Problem -
Would you please repeat, word for word, only the lines from the one holding "Pantalones cargo pitillo" through the one holding "مقعد بار هولاند" in the material below, without the pictures?

Material for this exercise -
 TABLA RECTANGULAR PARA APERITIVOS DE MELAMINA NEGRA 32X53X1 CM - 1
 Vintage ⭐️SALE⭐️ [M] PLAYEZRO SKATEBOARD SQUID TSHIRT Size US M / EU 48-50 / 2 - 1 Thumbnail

--

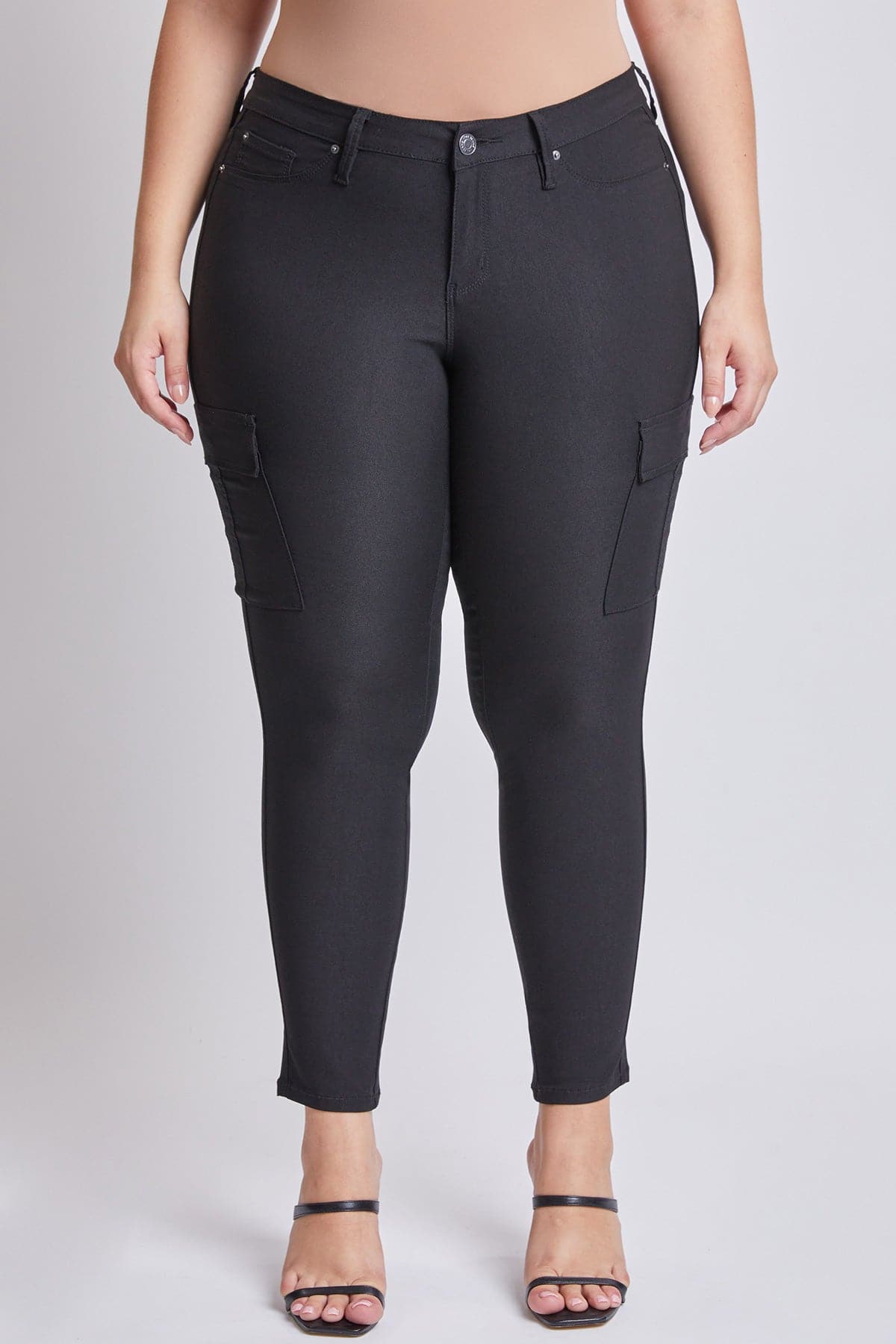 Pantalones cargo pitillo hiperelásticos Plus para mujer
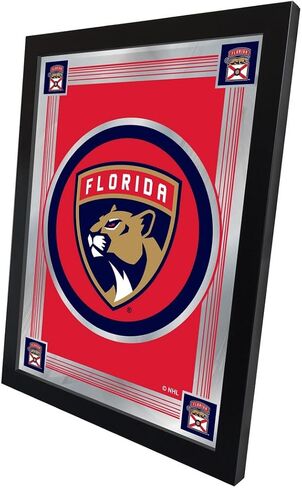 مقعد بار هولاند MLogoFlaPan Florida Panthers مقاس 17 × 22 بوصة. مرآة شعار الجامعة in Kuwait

Output of the exercise -
 Pantalones cargo pitillo hiperelásticos Plus para mujer
 مقعد بار هولاند MLogoFlaPan Florida Panthers مقاس 17 × 22 بوصة. مرآة شعار الجامعة in Kuwait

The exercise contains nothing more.